Description
Quick, creamy classic comfort food with a hatch Chile twist and pepper jack cheese for an extra kick!
Ingredients
Units
Scale
- 1 lb large shells
- 2 tablespoons unsalted butter
- 2 tablespoons all purpose, unbleached flour
- 2 cups water
- 4 cups whole milk
- 8 ounces canned diced hatch chiles
- 1 teaspoon smoked paprika
- 1 teaspoon garlic powder
- 1 teaspoon coriander
- 1 teaspoon cumin
- 1/2 teaspoon Mexican oregano
- 1/2 teaspoon onion powder
- 1/2 teaspoon ground mustard powder
- 1/2 teaspoon ground black pepper
- 1 teaspoon coarse salt
- 3 cups sharp cheddar cheese, freshly grated
- 1 cup pepper jack cheese
- 1 cup parmesan cheese, freshly grated
- 1/2 cup gruyere cheese, freshly grated
- Fresh cilantro, roughly chopped for garnish
Instructions
- In a large dutch oven or stock pot, melt butter over medium heat. Whisk in flour until smooth. Cook for 2-3 minutes, whisking frequently, until the mixture starts to turn golden.

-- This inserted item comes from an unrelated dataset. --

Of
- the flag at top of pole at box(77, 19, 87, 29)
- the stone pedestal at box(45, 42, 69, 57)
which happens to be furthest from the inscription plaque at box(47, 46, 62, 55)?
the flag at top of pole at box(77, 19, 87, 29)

- Slowly pour in the water and milk, whisking until smooth.
- Stir in all spices, chiles, and elbow macaroni. Bring to a simmer and reduce heat to medium low. Maintain the simmer but stir occasionally to keep the pasta from sticking to the bottom of the pot. Cook 8-9 minutes, until pasta is al dente (do not overcook pasta!).
- Remove from heat. Stir in cheeses until melted and smooth. Add more salt and pepper to taste. Garnish with fresh chopped cilantro. Serve immediately.